**Task goal:** Below is a listing; repeat exactly the lines from the one containing "Cardistry by BOCOPO" to the one containing "Urban Waste Receptacle", both included.

**Source material:**
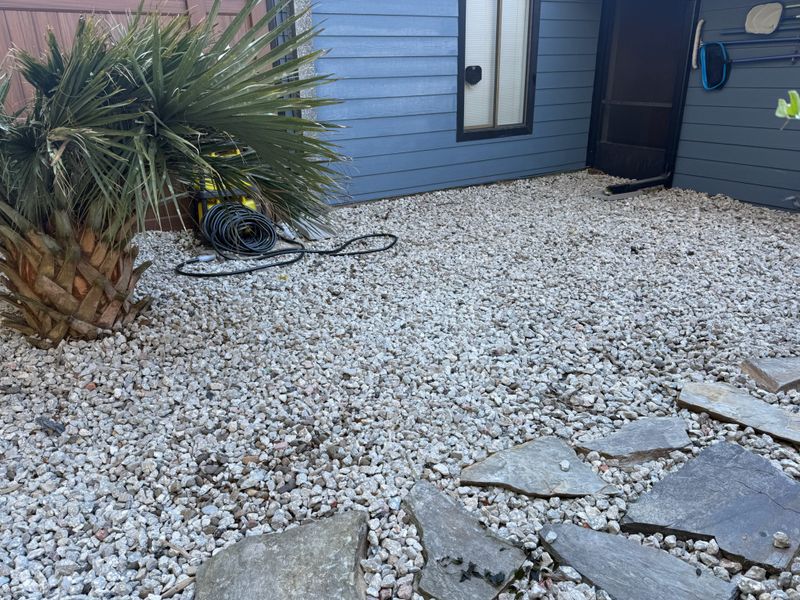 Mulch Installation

* * *

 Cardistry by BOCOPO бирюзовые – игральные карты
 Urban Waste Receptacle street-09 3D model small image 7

==

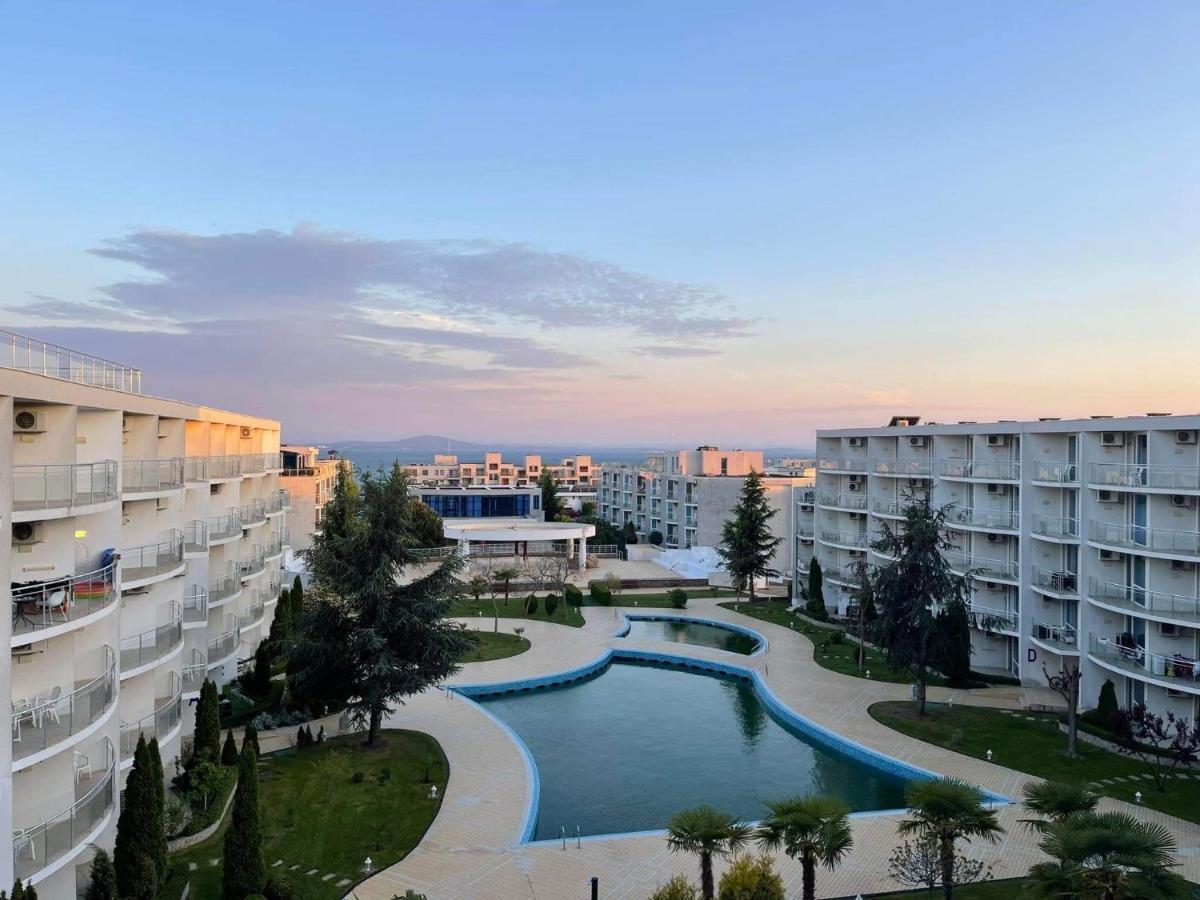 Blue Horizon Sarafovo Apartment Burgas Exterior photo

**Your solution:**
 Cardistry by BOCOPO бирюзовые – игральные карты
 Urban Waste Receptacle street-09 3D model small image 7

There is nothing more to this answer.